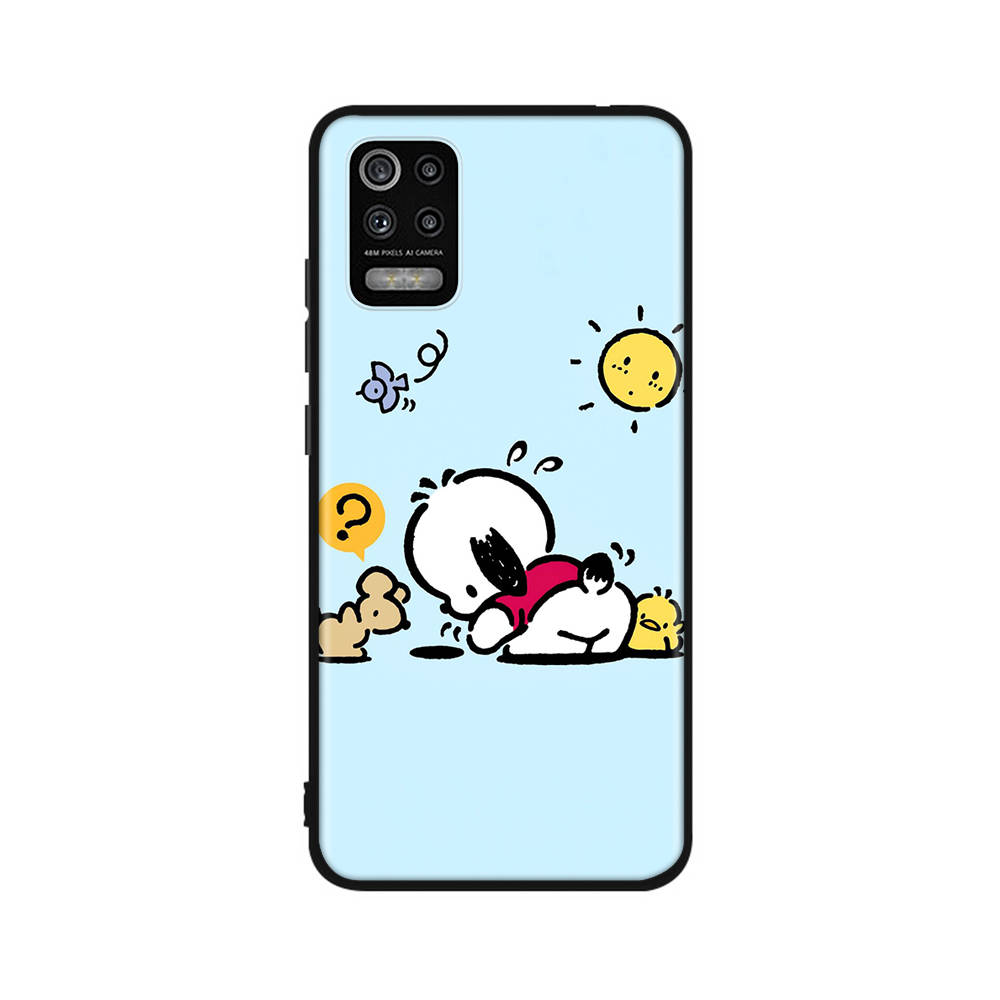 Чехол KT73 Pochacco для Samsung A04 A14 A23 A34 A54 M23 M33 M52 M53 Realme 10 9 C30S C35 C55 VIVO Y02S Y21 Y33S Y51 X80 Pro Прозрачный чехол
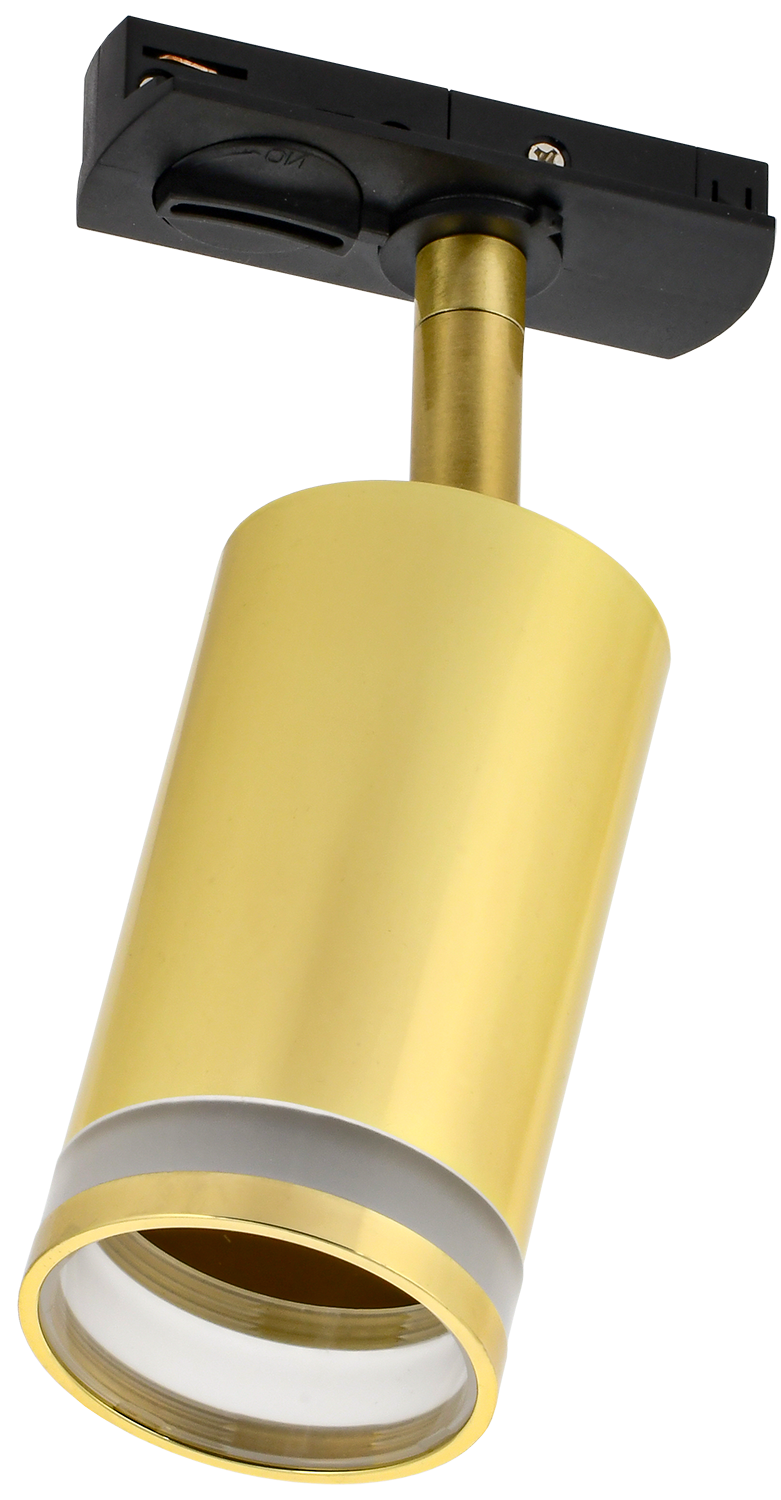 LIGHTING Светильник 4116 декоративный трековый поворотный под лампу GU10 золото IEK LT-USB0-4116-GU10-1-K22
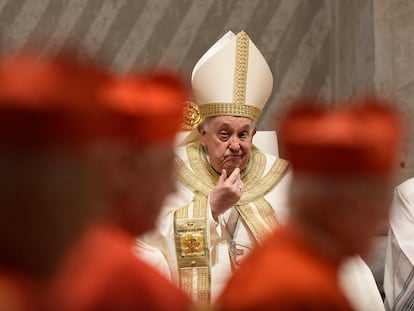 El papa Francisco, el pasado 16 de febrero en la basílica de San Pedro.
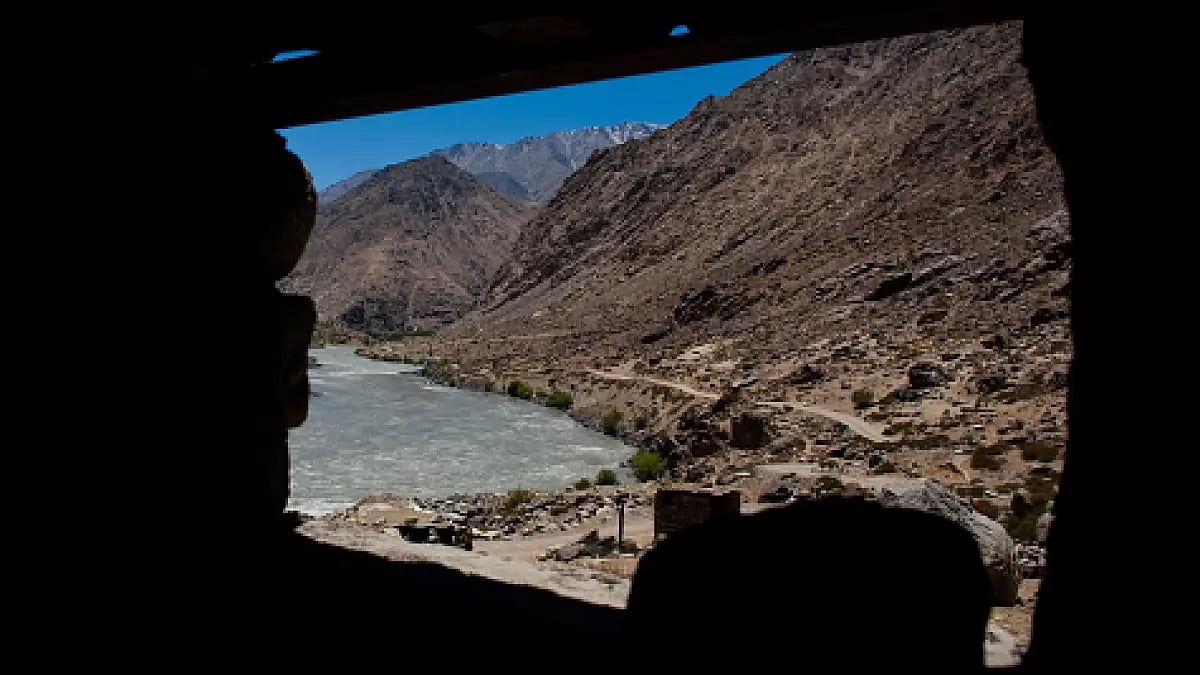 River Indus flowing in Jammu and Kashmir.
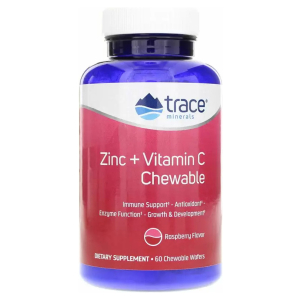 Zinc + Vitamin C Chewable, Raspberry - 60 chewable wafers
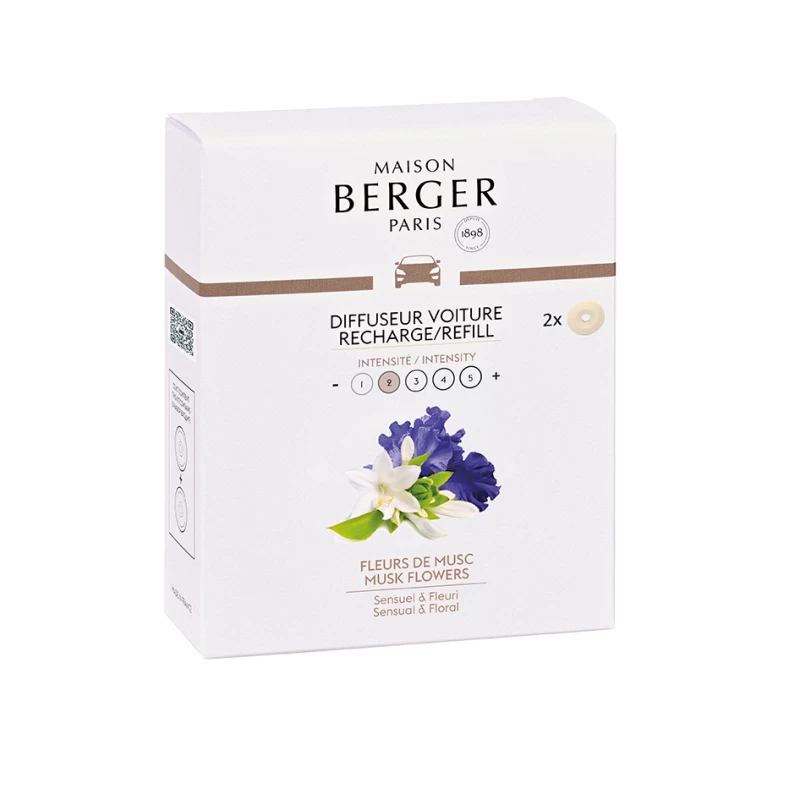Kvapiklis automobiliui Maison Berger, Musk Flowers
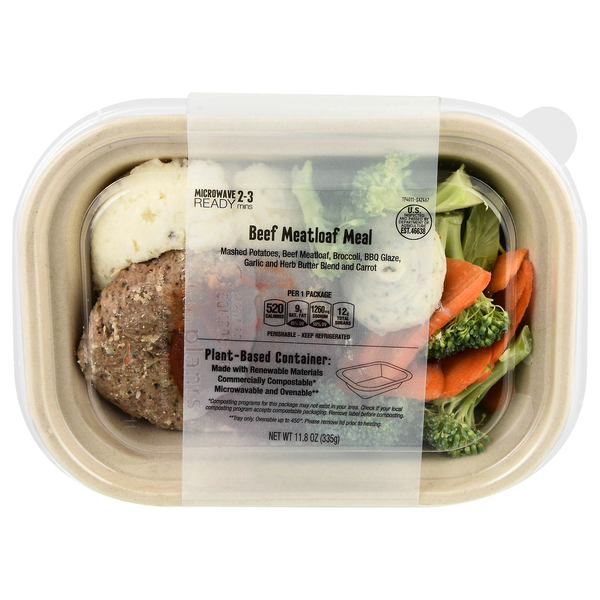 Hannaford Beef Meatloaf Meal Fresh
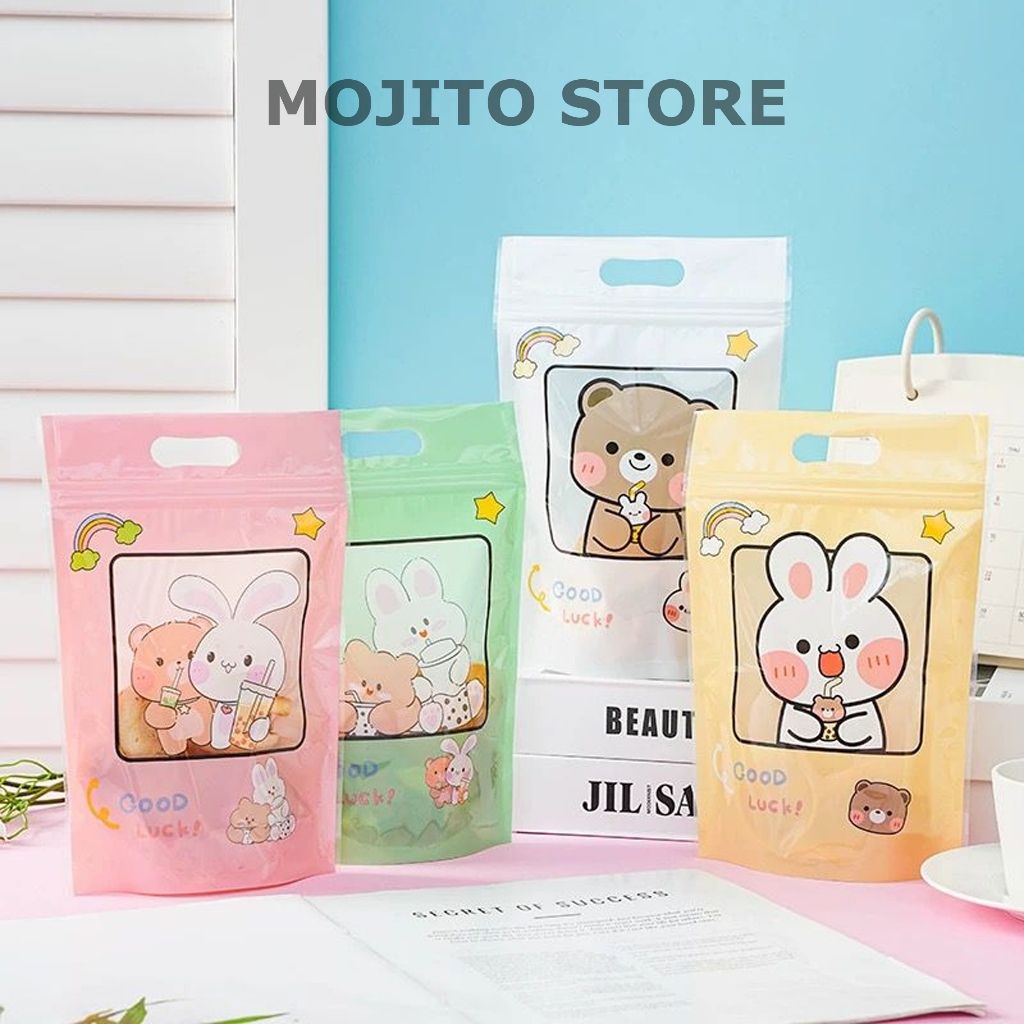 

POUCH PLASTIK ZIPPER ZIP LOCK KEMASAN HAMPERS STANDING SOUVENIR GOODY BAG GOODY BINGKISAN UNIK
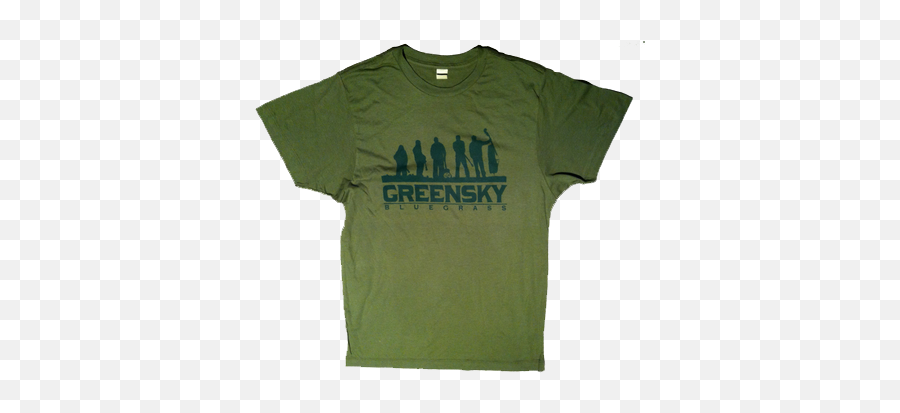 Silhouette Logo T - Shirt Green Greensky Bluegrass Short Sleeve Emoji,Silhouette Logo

----------

# Required work
What you print must match the entries exactly, except that no pictures appear.

# Result of this exercise
 Чехол KT73 Pochacco для Samsung A04 A14 A23 A34 A54 M23 M33 M52 M53 Realme 10 9 C30S C35 C55 VIVO Y02S Y21 Y33S Y51 X80 Pro Прозрачный чехол
 LIGHTING Светильник 4116 декоративный трековый поворотный под лампу GU10 золото IEK LT-USB0-4116-GU10-1-K22
 El papa Francisco, el pasado 16 de febrero en la basílica de San Pedro.
 River Indus flowing in Jammu and Kashmir.
 Zinc + Vitamin C Chewable, Raspberry - 60 chewable wafers
Kvapiklis automobiliui Maison Berger, Musk Flowers
 Hannaford Beef Meatloaf Meal Fresh

POUCH PLASTIK ZIPPER ZIP LOCK KEMASAN HAMPERS STANDING SOUVENIR GOODY BAG GOODY BINGKISAN UNIK
 Silhouette Logo T - Shirt Green Greensky Bluegrass Short Sleeve Emoji,Silhouette Logo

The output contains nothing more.